#### WORK INSTRUCTIONS
Skip the pictures and repeat each line of the data exactly.
▼▼▼
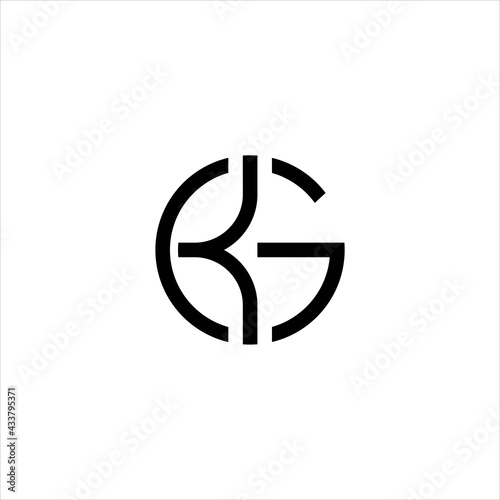 initial GK KG letter logo design vector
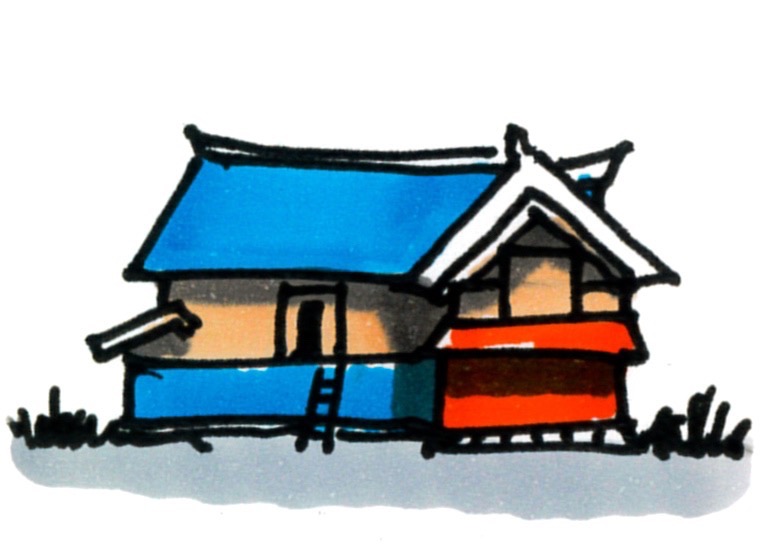 梨平・土蔵と中門造り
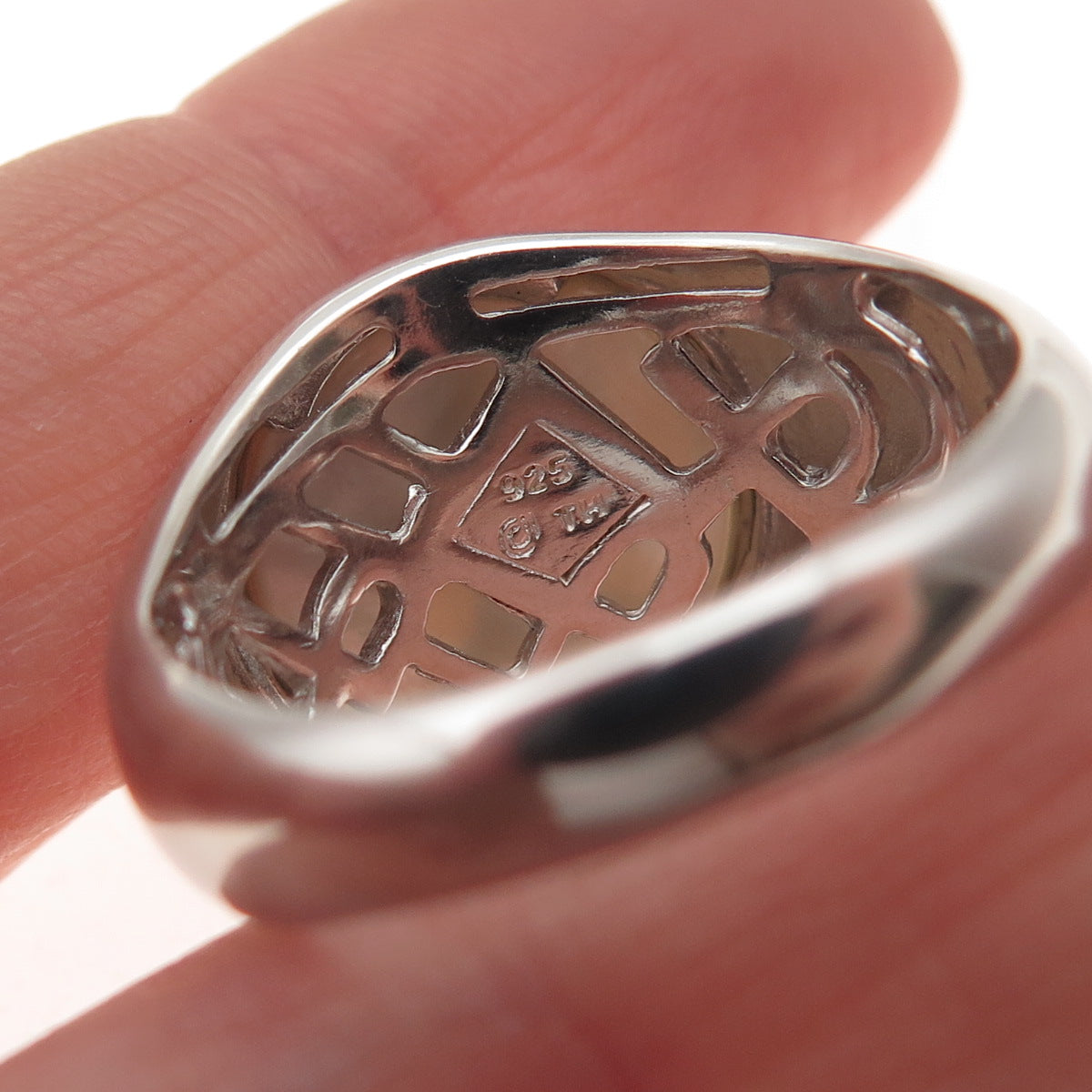 Dasan 925 Sterling Silver Real MOP Cross Signet Ring Size 10.5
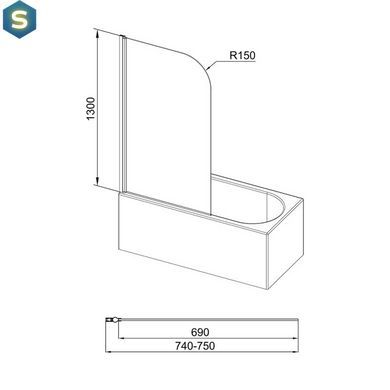 Шторка для ванни Qtap Standard CRM407513APL Pear, Ліва, матовий, хром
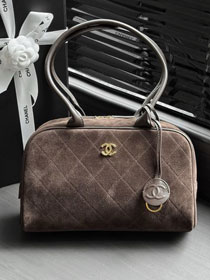 CC suede calfskin medium bowling bag AS6580 dark brown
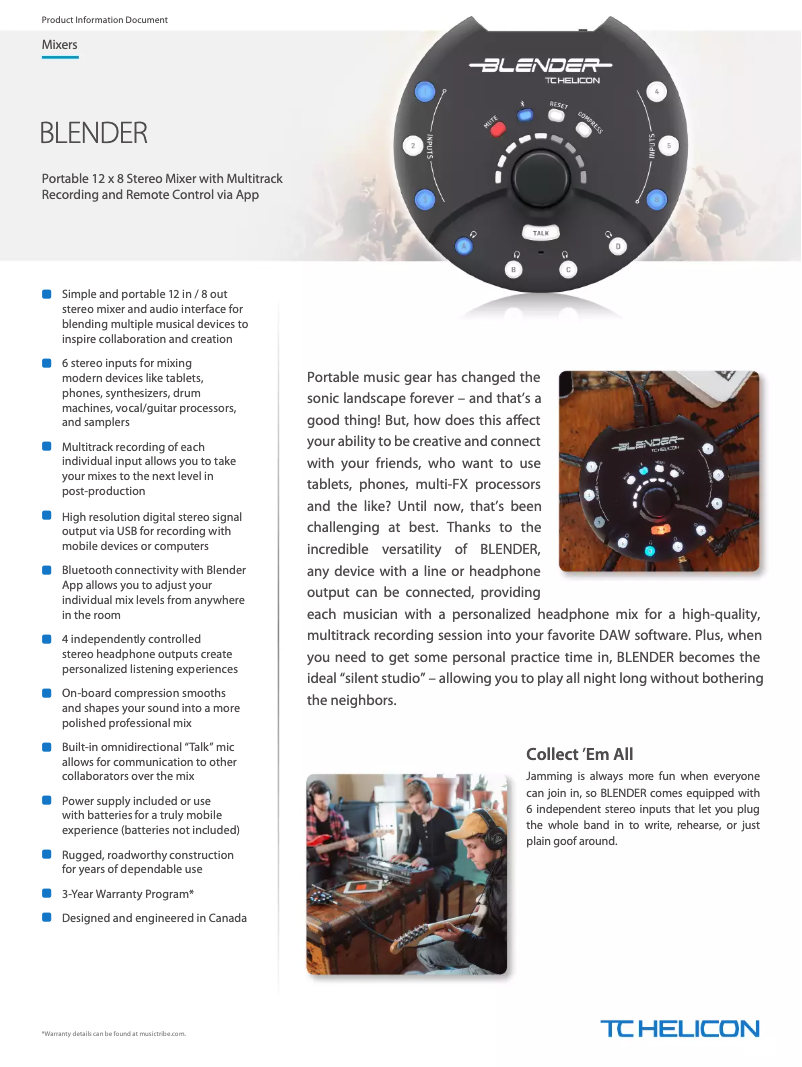 Page 1 de la notice Fiche technique TC Helicon Blender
▲▲▲
#### EXPECTED OUTPUT
 initial GK KG letter logo design vector
 梨平・土蔵と中門造り
 Dasan 925 Sterling Silver Real MOP Cross Signet Ring Size 10.5
 Шторка для ванни Qtap Standard CRM407513APL Pear, Ліва, матовий, хром
 CC suede calfskin medium bowling bag AS6580 dark brown
 Page 1 de la notice Fiche technique TC Helicon Blender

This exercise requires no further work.